Restate the listing that follows word for word, without its pictures.
--- Information supplied Enclosed Below ---
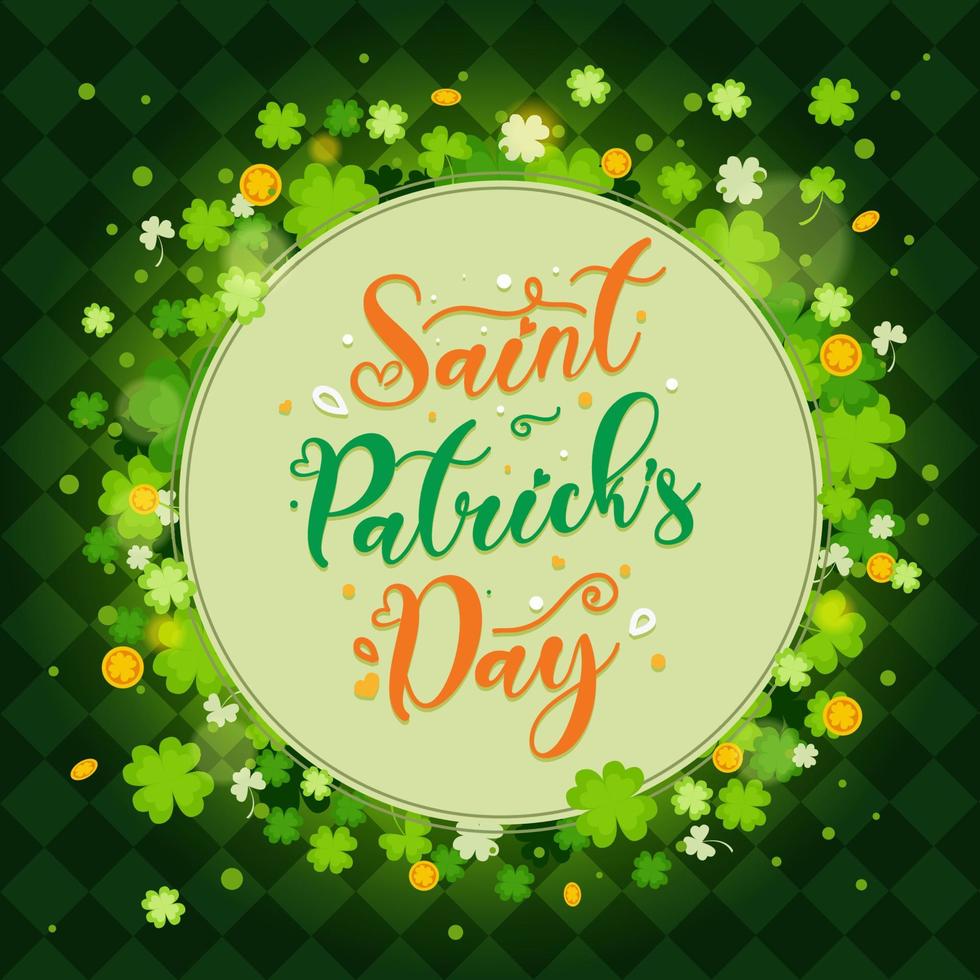 Shamrock Clover background vector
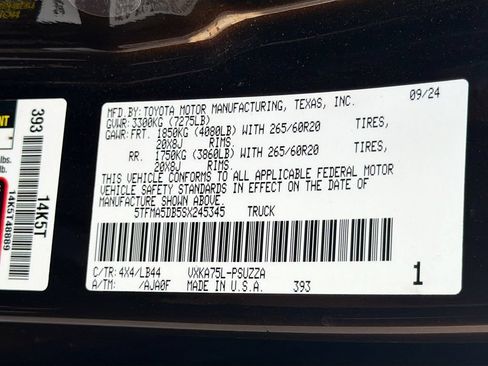 Used 2025 Toyota Tundra 1794 Edition AWD/4WD image 42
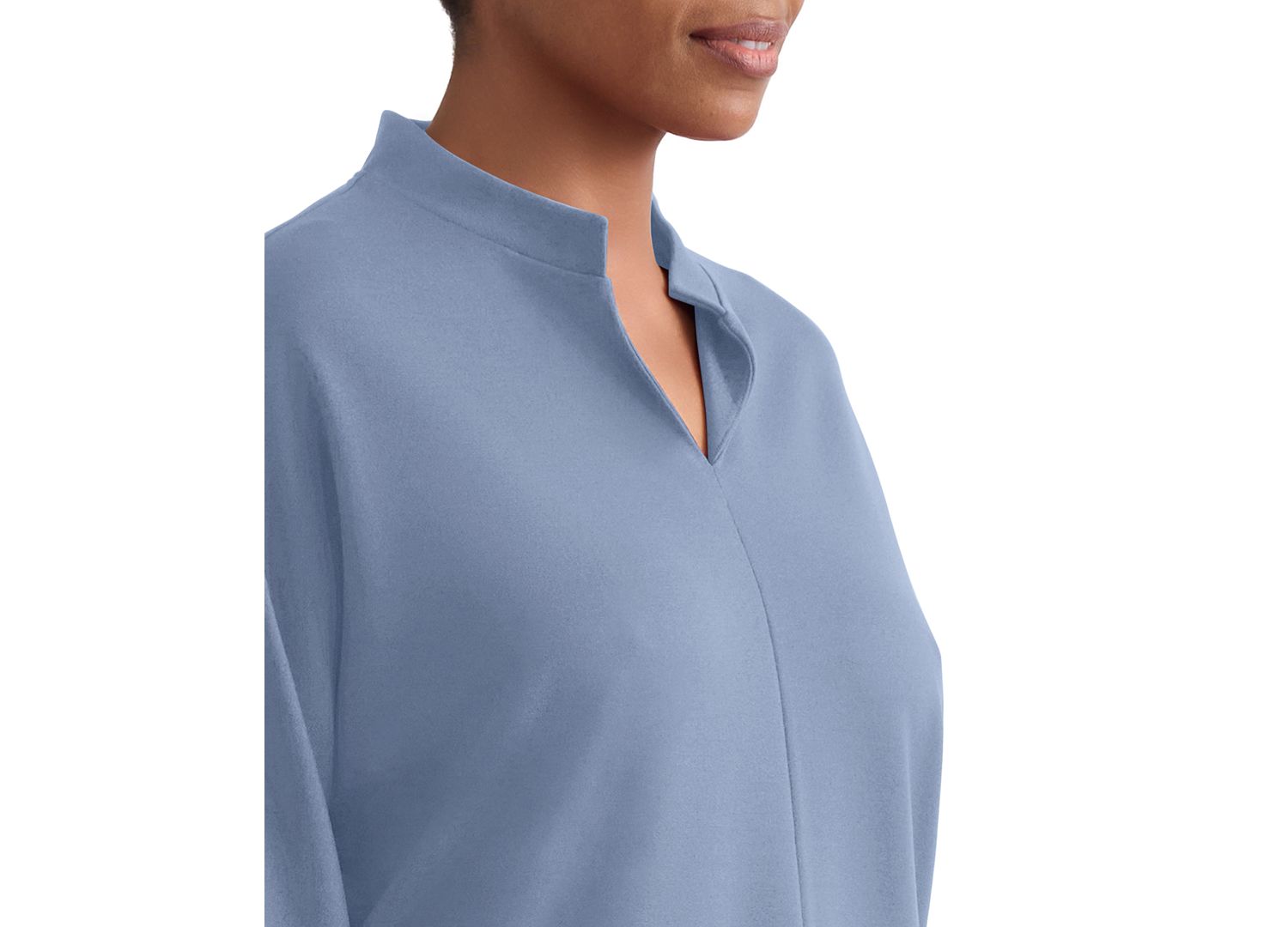 Petite Johnny Collar Top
--- End of Enclosed Information supplied ---
Solution below:
 Shamrock Clover background vector
 Used 2025 Toyota Tundra 1794 Edition AWD/4WD image 42
 Petite Johnny Collar Top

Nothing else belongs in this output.